Dr Zaidi, who is also the co-editor of the book with Prof Dr Mathew McCartney, also spoke about the late social scientist and historian Hamza Alavi whose work is mentioned in depth in the book’s preface. “Hamza Alavi did a world of research on military, the business community, the landlords and bureaucracy of Pakistan. But his research, thoughts and observations are relevant to the Pakistan of the 1960s and perhaps not that much to the society of today. In order to know and understand today’s society, we have to see what is happening on the ground. For instance in theory we all know the importance of taxation but then there is also the ground reality that here in Pakistan tax is not generated like it should be as many people do not pay their taxes here. Therefore, you cannot force theory where it can’t be applied,” he said.
About the book he said that it points towards the changes in Pakistan’s economy while looking at various indicators such as rural and urban life, employment, sources of income, people, their potential, etc. “With an 18 per cent GDP, Pakistan is no longer an agriculture economy,” he pointed out before talking about employment and what changes have taken place there along with the source of income of people in rural and urban areas.
“Places have become more accessible with people coming closer thanks to telecommunications, media, etc. Things are becoming interlinked,” he said. He also spoke about how social media was affecting lives here and how more women stepping out of their homes and getting good education were contributing to the feminist economy.
Book on political economy, social change launched
Providing his views on the book, Prof Dr Riaz Shaikh, dean, Faculty of Social Science and Education Department at Szabist, said that even though the nature of economy in Pakistan has changed in the past 70 years or so, the mindset of the people here is more or less the same even though Pakistan as a part of the global society is also bound to change. “We have been missing the politics of urbanisation,” he said. “Urban politics has now captured Karachi’s politics which is based on the struggle of classes and from class politics it is moving to sectarian politics,” he said wondering if this is now an overdeveloped state using biopolitics as a tool to marginalise certain people such as the ‘missing persons’.

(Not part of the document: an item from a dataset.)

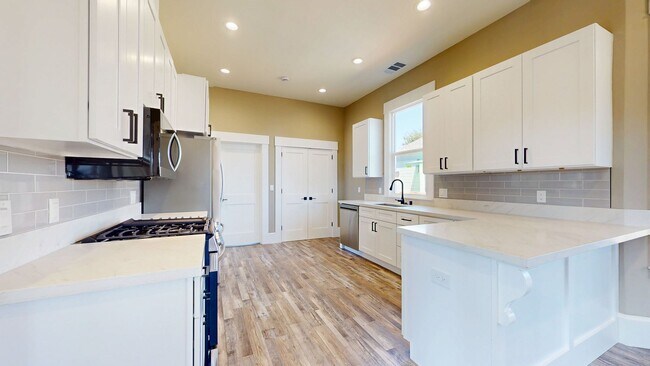 Building Photo - Stunning 2 Bedroom Upstairs Unit In Oaklan...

He also spoke of the role of the media and journalists, how freedom of speech and expression were curtailed etc. “But after 2007, the media here has played an important role in teaching a lot to the Pakistani establishment though now there is also a business content emerging within the media as a result missing many things in the national discourse because the media doesn’t want a hostile response from the government,” he said.

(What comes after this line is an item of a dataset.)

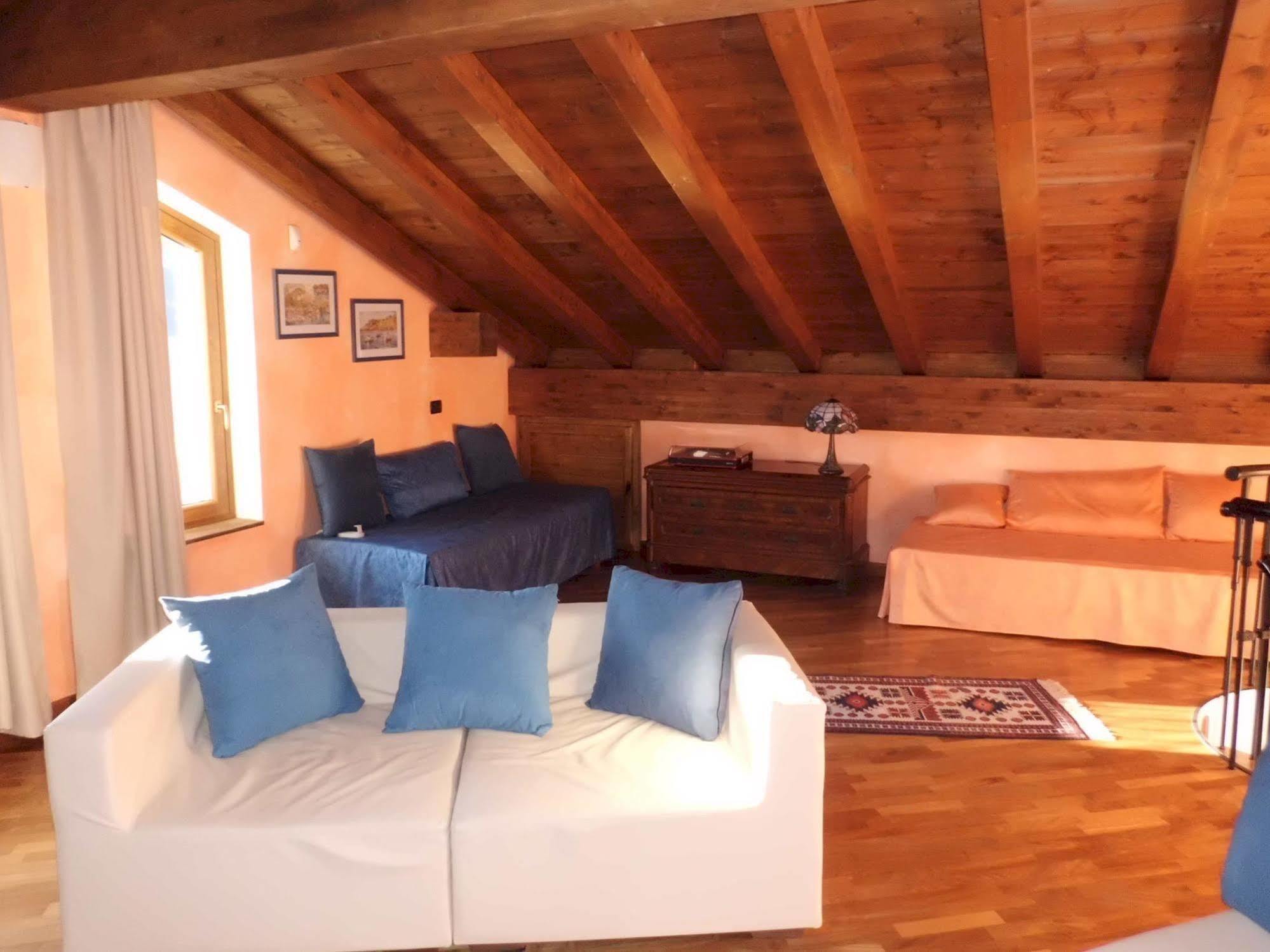 B&B-Foresteria Casa Della Musica Lake Como Mandello del Lario Extérieur photo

Dr Shaikh said that the nature of development in Pakistan also needed to be looked at more closely as one province was feeding and developing itself on another’s resources.
Senior journalist Khurram Husain, meanwhile, spoke about how it has become evident about who really represents the state from the recent meeting of the army chief with the business community. “The businessmen were complaining about taxes and saying that the structural change was killing them but the government is not backing down. They are told that they were willing to listen to them and help them but within certain limits or constraints,” he said, reminding also about the mini-budget of early last year which was to serve as a revenue exercise though the billionaires were still having their way during it all at least until former finance minister Asad Umar left and the state got its voice. “Class in Pakistan operates at some points and not at others as class is heavily fragmented,” he said.
About the book and other books like it, he said that sadly the last people to read them are the ones about whom these books are written. “If the people you are writing about are not reading about themselves, then you must think of how to make your writing more meaningful to them,” he concluded.
AERC director Prof Dr Samina Khalil also spoke.